Letta “da sinistra” questa affermazione viene utilizzata per proclamare l’ineluttabilità di un’immigrazione di massa che, si sostiene, salverebbe il sistema pensionistico in pericolo per lo squilibrio tra occupati e inoccupati, letta “da destra” al contrario la frase è presa a pretesto per proporre politiche di sostegno economico  alla natalità degli europei al fine di limitare quella stessa immigrazione.

Invero è tutto da dimostrare che , anche se venisse modificato in un modo o  nell’altro il rapporto tra nascite e decessi, gli effetti sulla macroeconomia e sulla tenuta del sistema pensionistico sarebbero positivi : non è detto che le nuove generazioni sarebbero così ansiose di lavorare “per pagarci le pensioni” quando le si prospettano lavori precari , malretribuiti e privi a loro volta di prospettive previdenziali: è probabile al contrario che tale situazione provocherebbe un rifiuto generazionale del lavoro, come ciclicamente accade nelle economie avanzate, per cui le giovani generazioni diventerebbero un peso e non una risorsa per l’economia.

Un esempio pratico varrà a chiarire questa tesi, quello di Moussa Sanghare , italiano di seconda generazione tristemente balzato ai disonori delle cronache per un omicidio gratuito di stampo camusiano nei confronti di una giovane bergamasca incontrata causalmente per strada.

In teoria una persona come l’assassino sarebbe il prototipo della “risorsa” invocata per salvare le pensioni, nella realtà rappresenterà, nei lunghi anni che trascorrerà in carcere o in un ospedale giudiziario, un peso per l’economia .
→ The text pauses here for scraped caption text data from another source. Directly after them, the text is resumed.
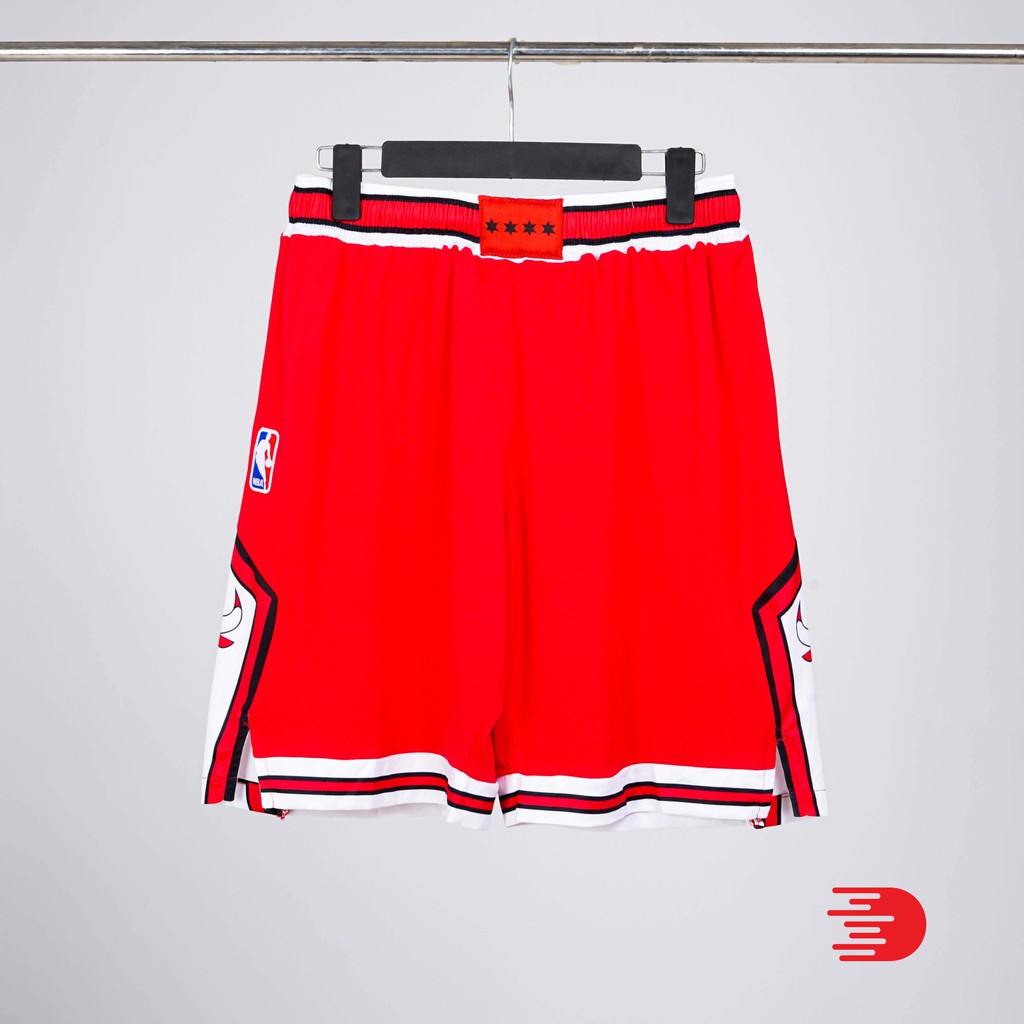 Trang Phục bóng rổ Actee NBA Jersey Chicago Bulls Đỏ - Hàng Thêu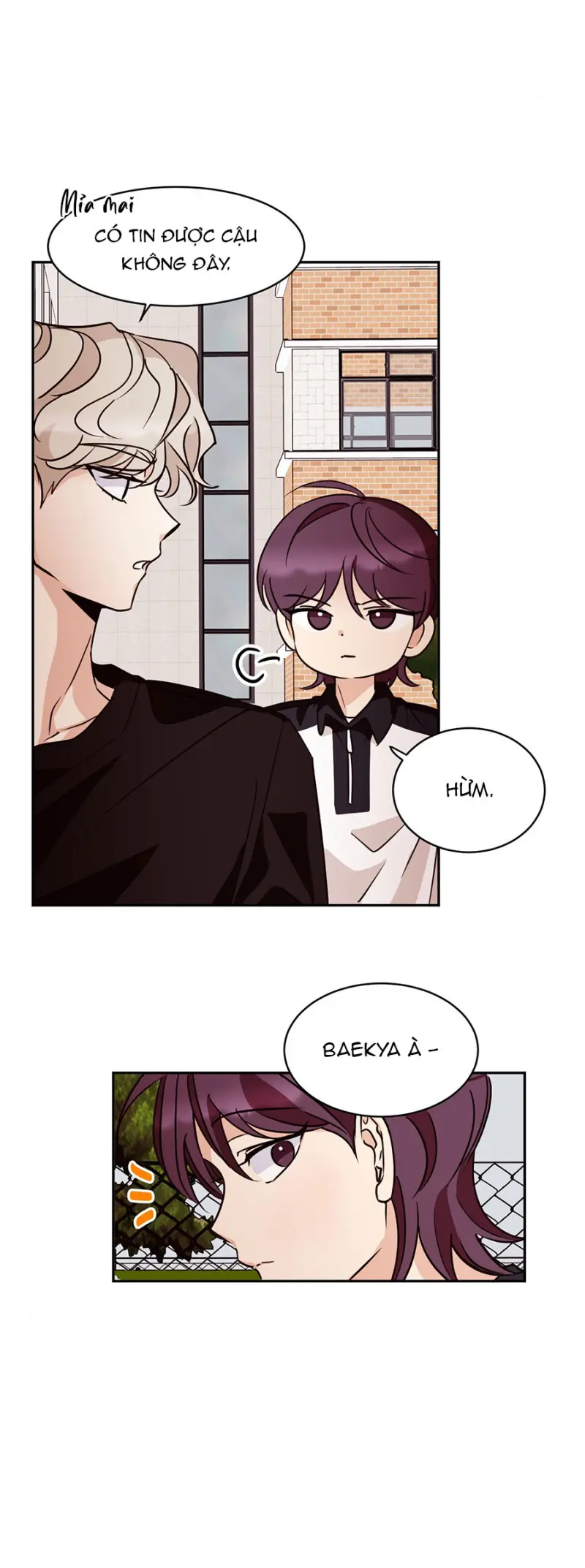 Lãng mạn không tự nguyện Chapter 10 - Trang 2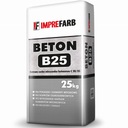 Готовая сухая смесь БЕТОН В25 25кг IMPREFARB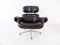 Leather Chair & Ottoman by Martin Stoll, Set of 2 24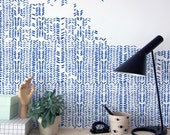 herringbone wall stencils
Alla scontata obiezione per cui episodi come quelli di Moussa Sangare rappresenterebbero patologiche eccezioni è facile ribattere che l’itinerario esistenziale di Sangare ( studi abborracciati, lavori precari, rifiuto del lavoro e miraggio di facili guadagni nello spettacolo o nello sport, infine , tramontato questo miraggio, l’approdo nella vita inautentica degli stupefacenti e del crimine) è invece comune alle esistenze di molti immigrati di seconda generazione nonché di molti giovani italiani o europei che ne hanno fatto propri gli “stili di vita” per utilizzare le parole di una politica italiana.

Godiamoci pertanto il nostro inverno demografico e i suoi frutti, senza dimenticarci le parole scritte da Julius Evola in diretta con le politiche del fascismo “Non dobbiamo preoccuparci di quanti figli facciamo, ma di quali figli”.